Description: Distribute proper substitution through the domain of a class. (Contributed by Alexander van der Vekens, 23-Jul-2017) (Revised by NM, 24-Aug-2018)

		Ref	Expression
	Assertion	csbdm	\|- [_ A / x ]_ dom B = dom [_ A / x ]_ B

Proof

Step	Hyp	Ref	Expression
1		csbab	\|- [_ A / x ]_ { y \| E. w <. y , w >. e. B } = { y \| [. A / x ]. E. w <. y , w >. e. B }
2		sbcex2	\|- ( [. A / x ]. E. w <. y , w >. e. B <-> E. w [. A / x ]. <. y , w >. e.
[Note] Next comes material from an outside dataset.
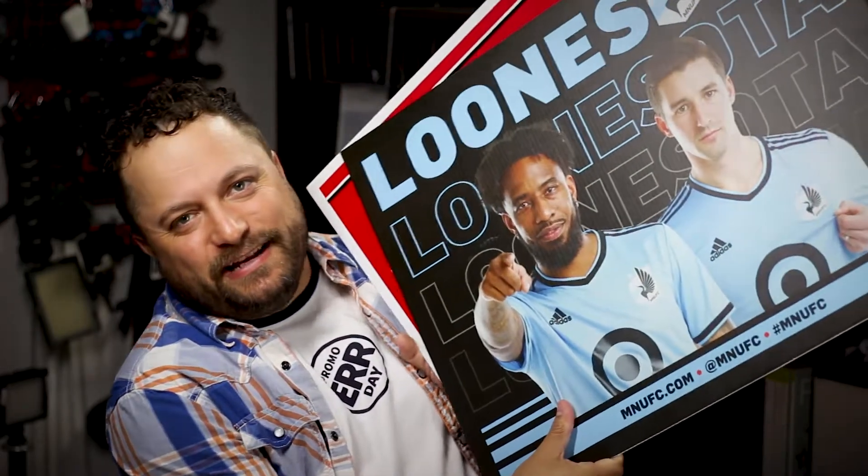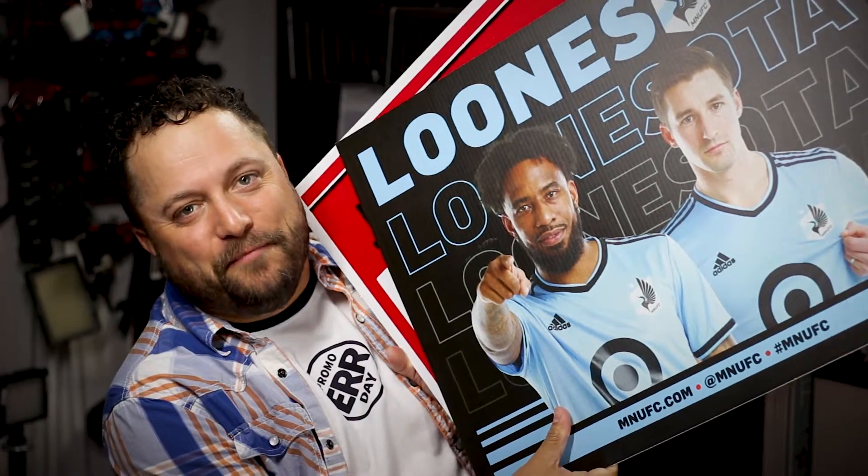Hey everybody, Brandon from Murray Day exclusively at Promo Corner. We all know the best way to get information out there is to post it up, whether it's on your property or somewhere else, but you want to make sure it's nice and big like a billboard but kind of manageable too. Today's product is the corrugated yard sign and frame from Gill Line.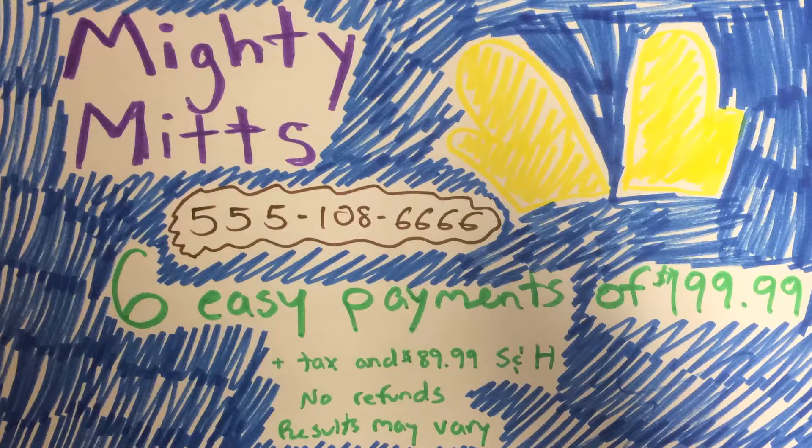Mighty Mitts changed my life because... what was I supposed to say? Buy my mitts now for 62 payments of $199.99 plus tax and shipping and handling. No refunds. Results may vary.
B )
3		sbcel2	\|- ( [. A / x ]. <. y , w >. e. B <-> <. y , w >. e. [_ A / x ]_ B )
4	3	exbii	\|- ( E. w [. A / x ]. <. y , w >. e. B <-> E. w <. y , w >. e. [_ A / x ]_ B )
5	2 4	bitri	\|- ( [. A / x ]. E. w <. y , w >. e. B <-> E. w <. y , w >. e. [_ A / x ]_ B )
6	5	abbii	\|- { y \| [. A / x ]. E. w <. y , w >. e. B } = { y \| E. w <. y , w >. e. [_ A / x ]_ B }
7	1 6	eqtri	\|- [_ A / x ]_ { y \| E. w <. y , w >. e. B } = { y \| E. w <. y , w >. e. [_ A / x ]_ B }
8		dfdm3	\|- dom B = { y \| E. w <. y , w >. e. B }
9	8	csbeq2i	\|- [_ A / x ]_ dom B = [_ A / x ]_ { y \| E. w <. y , w >. e. B }
10		dfdm3	\|- dom [_ A / x ]_ B = { y \| E. w <. y , w >. e. [_ A / x ]_ B }
11	7 9 10	3eqtr4i	\|- [_ A / x ]_ dom B = dom [_ A / x ]_ B